▶ _How to complete this task_: Transcribe nothing except the lines below that run from the one with "Buy your photos" to the one with "Jack Russell puppies", ends included, and do not copy any picture.

Records to process Block Start

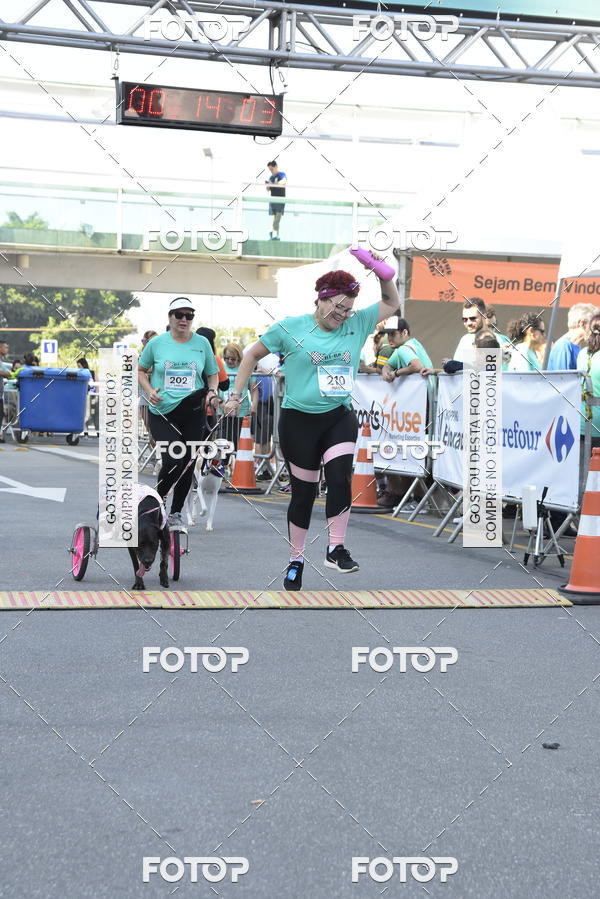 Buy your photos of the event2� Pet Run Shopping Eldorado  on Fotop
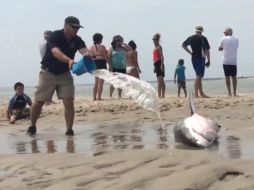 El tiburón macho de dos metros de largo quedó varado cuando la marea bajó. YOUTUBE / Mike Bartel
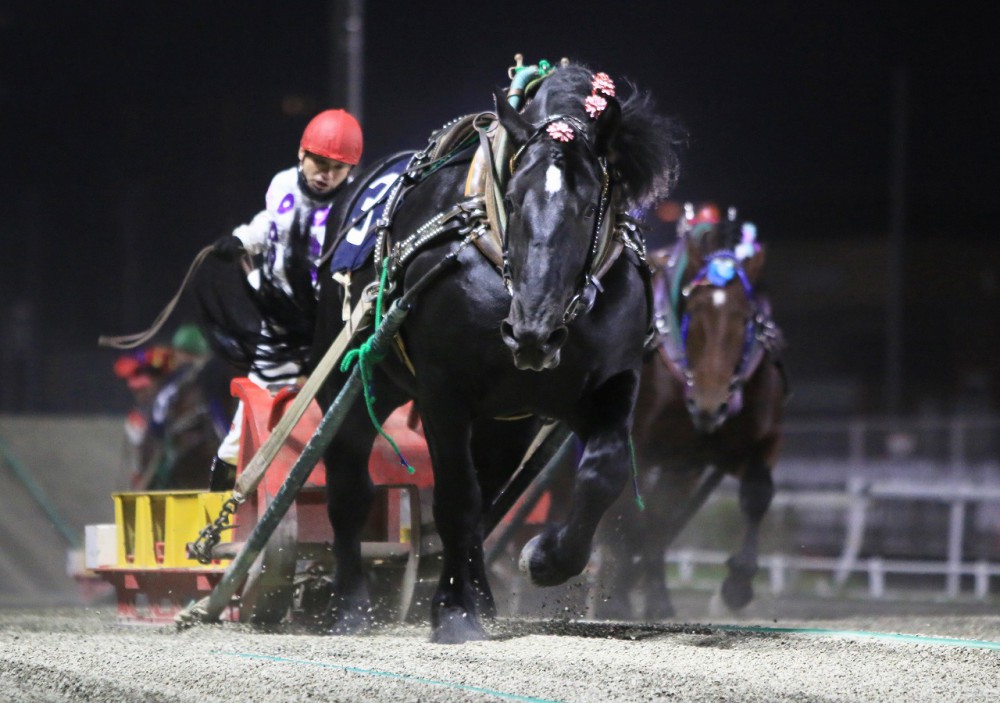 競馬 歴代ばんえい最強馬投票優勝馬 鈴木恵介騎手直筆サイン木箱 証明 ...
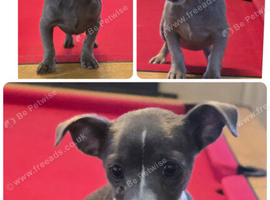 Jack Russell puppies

Records to process Block End
Records to process Block Start

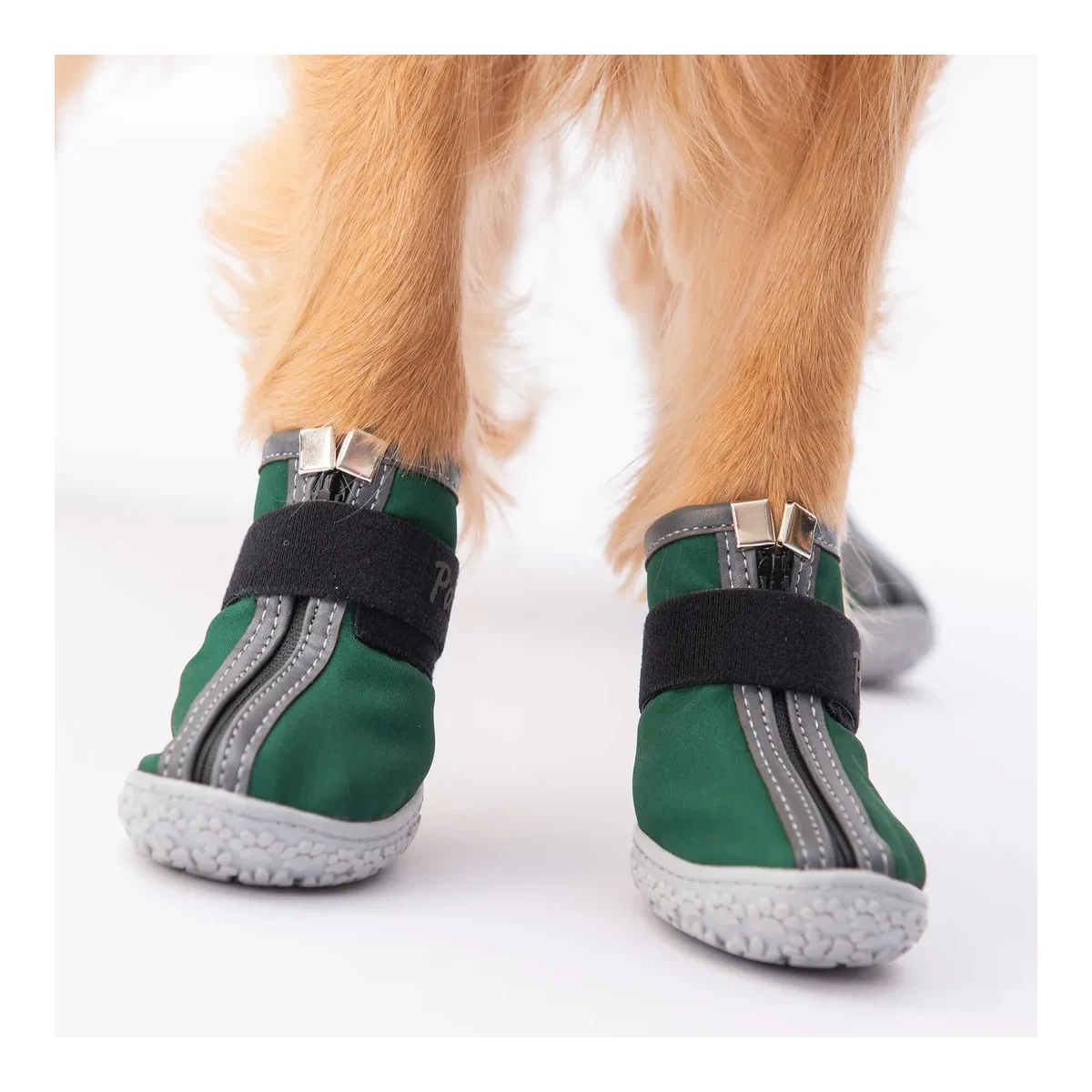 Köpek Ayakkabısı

Records to process Block End
Records to process Block Start

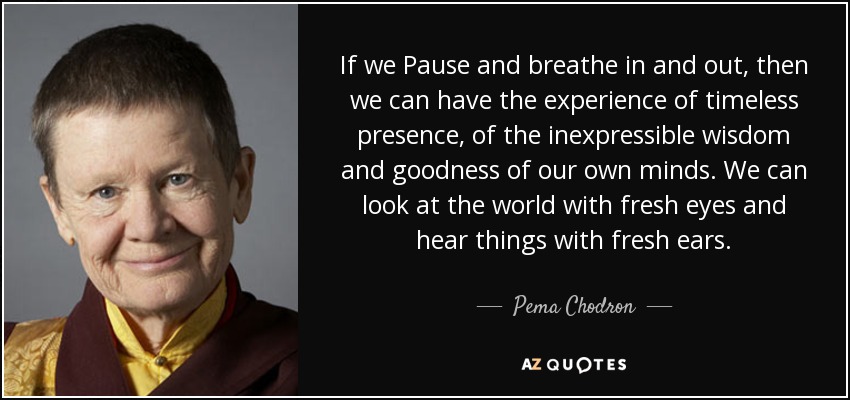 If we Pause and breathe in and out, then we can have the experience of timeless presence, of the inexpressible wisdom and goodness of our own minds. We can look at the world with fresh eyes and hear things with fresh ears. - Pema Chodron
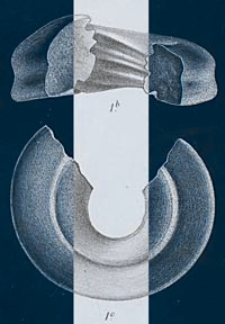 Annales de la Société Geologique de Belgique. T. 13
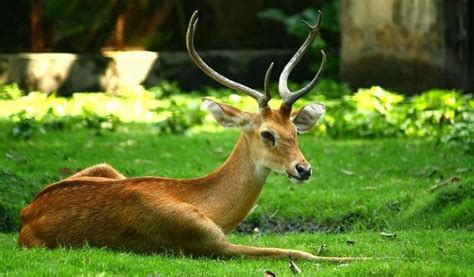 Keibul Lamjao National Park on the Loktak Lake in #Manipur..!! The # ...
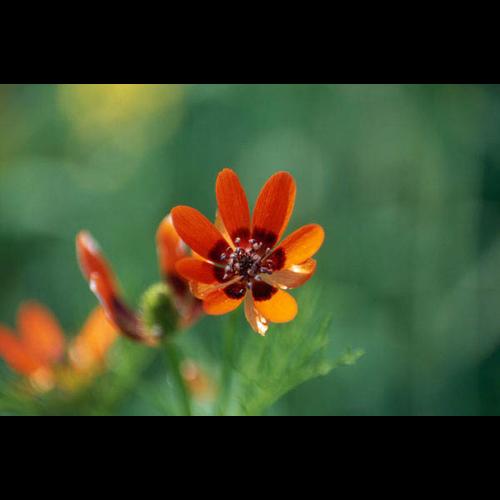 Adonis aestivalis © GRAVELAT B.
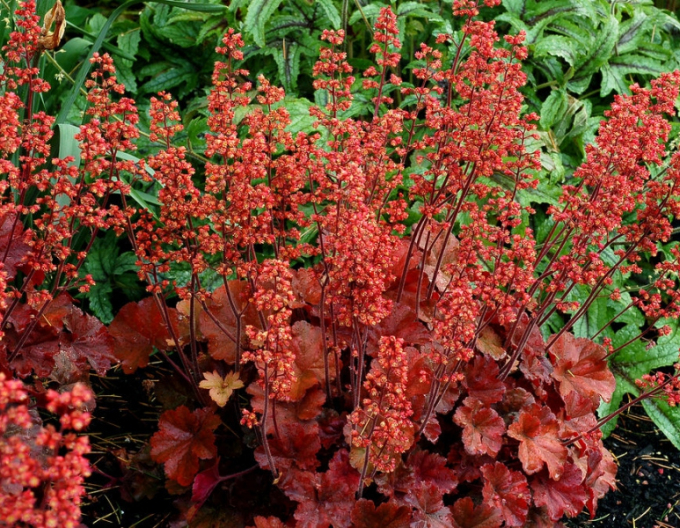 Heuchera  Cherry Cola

Records to process Block End

▶ _Completed task_:
 Buy your photos of the event2� Pet Run Shopping Eldorado  on Fotop
 El tiburón macho de dos metros de largo quedó varado cuando la marea bajó. YOUTUBE / Mike Bartel
 競馬 歴代ばんえい最強馬投票優勝馬 鈴木恵介騎手直筆サイン木箱 証明 ...
 Jack Russell puppies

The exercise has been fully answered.